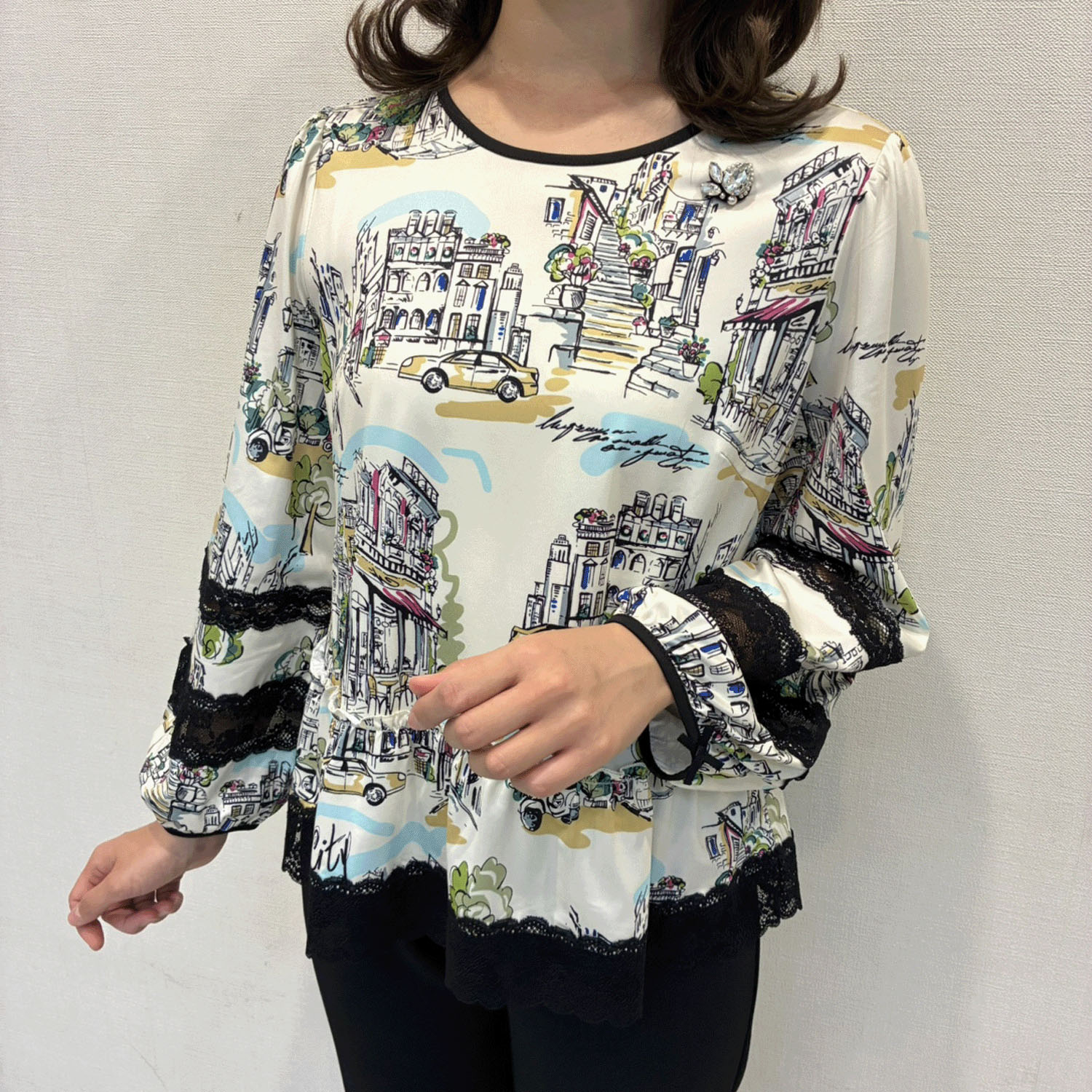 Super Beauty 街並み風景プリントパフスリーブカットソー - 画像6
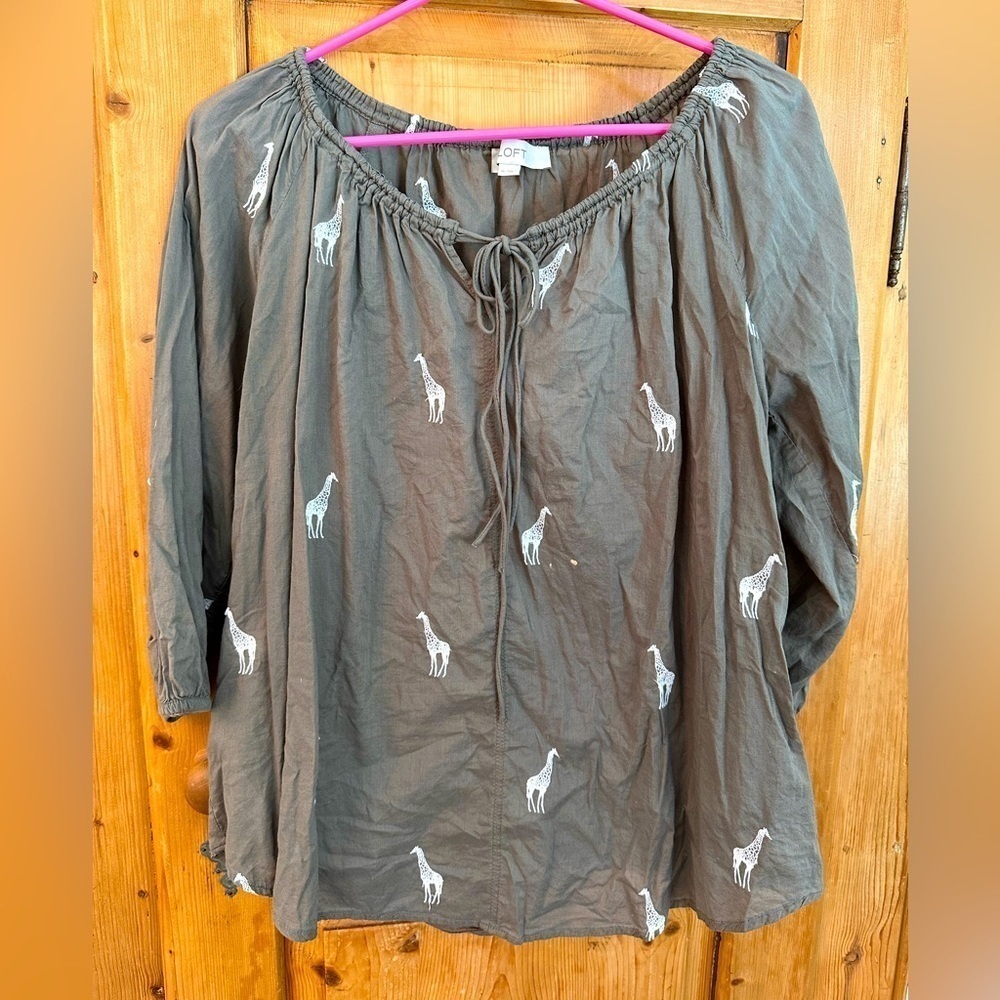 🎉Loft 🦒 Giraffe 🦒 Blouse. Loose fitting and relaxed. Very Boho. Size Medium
○ ○ ○
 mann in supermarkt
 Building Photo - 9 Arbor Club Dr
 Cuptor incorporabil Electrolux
○ ○ ○
▶ [What this task involves] Within the listing above, copy exactly the lines that start at the one with "Super Beauty 街並み風景プリントパフスリーブカットソー - 画像6" and continue through the one with "Boho. Size Medium". Omit pictures.

▶ [Reply to the exercise]
 Super Beauty 街並み風景プリントパフスリーブカットソー - 画像6
 🎉Loft 🦒 Giraffe 🦒 Blouse. Loose fitting and relaxed. Very Boho. Size Medium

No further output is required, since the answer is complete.